-
11. Data: 2002-04-29 17:22:27
Temat: Re: Dlaczego nikt mi nie odpowiedział???
Od: c...@g...pl
hej,
nie jest tak zle. Jesli masz adwokata do spr. rozwodowej to zarzadaj
podzialu majatku. Wystap do sadu o zwolnienie z kosztow sadowych ze
wzgl. na trudna sytuacje majatkowa. Powolajcie bieglego rewidenta aby
rozliczyl firme co do grosza (remanent itp.) - w ramach sprawy
rozwodowej i rozliczania majatku. Zaproponuj spieniezenie mieszkania i
podzialu na pol calego majatku (razem z firma). W ten sposob masz szanse
na uzyskanie jakichkolwiek pieniedzy.
Sady rodzinne zazwyczaj przychylaja sie do wnioskow kobiet. pamietaj w
pozwie opisz trudna sytuacje majatkowa i rodzinna oraz historie z firma.

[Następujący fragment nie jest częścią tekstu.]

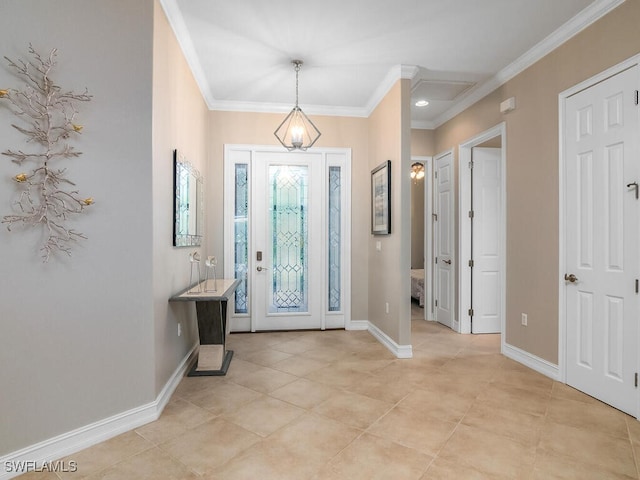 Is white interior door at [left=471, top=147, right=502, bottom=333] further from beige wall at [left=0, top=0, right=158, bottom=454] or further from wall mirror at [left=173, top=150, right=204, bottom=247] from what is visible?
beige wall at [left=0, top=0, right=158, bottom=454]

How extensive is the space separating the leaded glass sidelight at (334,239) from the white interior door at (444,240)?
4.85 feet

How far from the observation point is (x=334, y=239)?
188 inches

Sedzia bedzie wtedy wyczulony na "kretactwa" Twojego meza.
Pozdrawiam, Charlie
PS: zycze powodzenia
grzechutek napisał(a):
>
> Witam...
> Może masz rację...
> Ale on nie zgadza się na wpisanie wspólnego konta...
> Mówi, że będzie wpisane tylko jego konto - i ja nic z tego nie dostanę.
> Dogadać się nie da, bo on dąży do tego aby nie miała za co żyć i na kolanach
> przyszła błagać o szmal...
>
> A rozliczyć sie...może...ale wtedy sam...
> Zwrot będzie mniejszy, ale będzie.
> Poza tym ja nie zgadzam się na dorowiznę...i dlatego nie chcę podpisać
> PIT'u...
>
> To nie jest złośliwość z mojej strony.
> On i tak dostanie pieniądze z tego zwrotu...czy podpiszę czy nie...
> Ja po prostu nie chcę być już zamieszana w jego krętactwa...podatkowe.